▶ TASK BRIEF: Note each line in the data holding the string "Witaminy" and report it.

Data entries
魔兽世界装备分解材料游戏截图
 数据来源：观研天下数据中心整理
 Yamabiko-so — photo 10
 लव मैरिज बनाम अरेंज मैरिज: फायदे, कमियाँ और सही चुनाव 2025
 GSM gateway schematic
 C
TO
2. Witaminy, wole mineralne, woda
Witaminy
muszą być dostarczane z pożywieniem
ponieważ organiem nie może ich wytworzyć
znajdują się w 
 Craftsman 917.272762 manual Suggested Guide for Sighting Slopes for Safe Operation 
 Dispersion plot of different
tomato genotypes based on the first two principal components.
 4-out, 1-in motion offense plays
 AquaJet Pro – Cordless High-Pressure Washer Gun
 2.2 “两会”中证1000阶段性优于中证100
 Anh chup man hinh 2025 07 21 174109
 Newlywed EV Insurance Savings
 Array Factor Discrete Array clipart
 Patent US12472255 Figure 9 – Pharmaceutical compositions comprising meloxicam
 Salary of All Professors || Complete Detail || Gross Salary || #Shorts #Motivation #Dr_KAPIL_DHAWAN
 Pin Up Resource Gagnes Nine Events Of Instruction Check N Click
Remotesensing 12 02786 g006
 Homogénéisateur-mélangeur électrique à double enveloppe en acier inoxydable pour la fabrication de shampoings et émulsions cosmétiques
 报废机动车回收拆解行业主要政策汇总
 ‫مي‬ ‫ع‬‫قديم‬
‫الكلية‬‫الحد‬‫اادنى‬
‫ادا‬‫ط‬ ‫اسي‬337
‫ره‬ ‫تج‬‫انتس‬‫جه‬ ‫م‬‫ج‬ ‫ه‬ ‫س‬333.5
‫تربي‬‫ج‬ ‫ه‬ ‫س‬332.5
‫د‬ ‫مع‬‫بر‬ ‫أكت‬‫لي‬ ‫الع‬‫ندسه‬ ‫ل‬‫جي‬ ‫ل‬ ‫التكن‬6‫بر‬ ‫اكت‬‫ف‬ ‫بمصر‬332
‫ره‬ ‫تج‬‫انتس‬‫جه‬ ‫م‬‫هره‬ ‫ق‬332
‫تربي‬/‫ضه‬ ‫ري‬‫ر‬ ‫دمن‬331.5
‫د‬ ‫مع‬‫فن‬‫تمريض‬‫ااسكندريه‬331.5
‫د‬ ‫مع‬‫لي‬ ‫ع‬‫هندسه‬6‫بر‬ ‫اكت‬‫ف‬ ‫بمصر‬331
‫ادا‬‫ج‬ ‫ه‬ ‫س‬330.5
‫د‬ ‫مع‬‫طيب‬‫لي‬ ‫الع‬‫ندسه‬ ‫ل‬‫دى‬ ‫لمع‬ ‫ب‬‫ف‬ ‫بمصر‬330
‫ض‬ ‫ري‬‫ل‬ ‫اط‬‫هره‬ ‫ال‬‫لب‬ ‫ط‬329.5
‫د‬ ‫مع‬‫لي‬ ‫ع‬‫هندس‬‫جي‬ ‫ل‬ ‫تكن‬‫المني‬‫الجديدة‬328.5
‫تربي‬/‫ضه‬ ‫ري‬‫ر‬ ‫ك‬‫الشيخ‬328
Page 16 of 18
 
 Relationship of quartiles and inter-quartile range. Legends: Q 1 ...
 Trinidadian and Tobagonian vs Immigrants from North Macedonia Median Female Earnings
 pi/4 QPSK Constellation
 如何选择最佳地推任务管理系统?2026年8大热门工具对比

▶ RESULT FOR THIS TASK:
2. Witaminy, wole mineralne, woda
Witaminy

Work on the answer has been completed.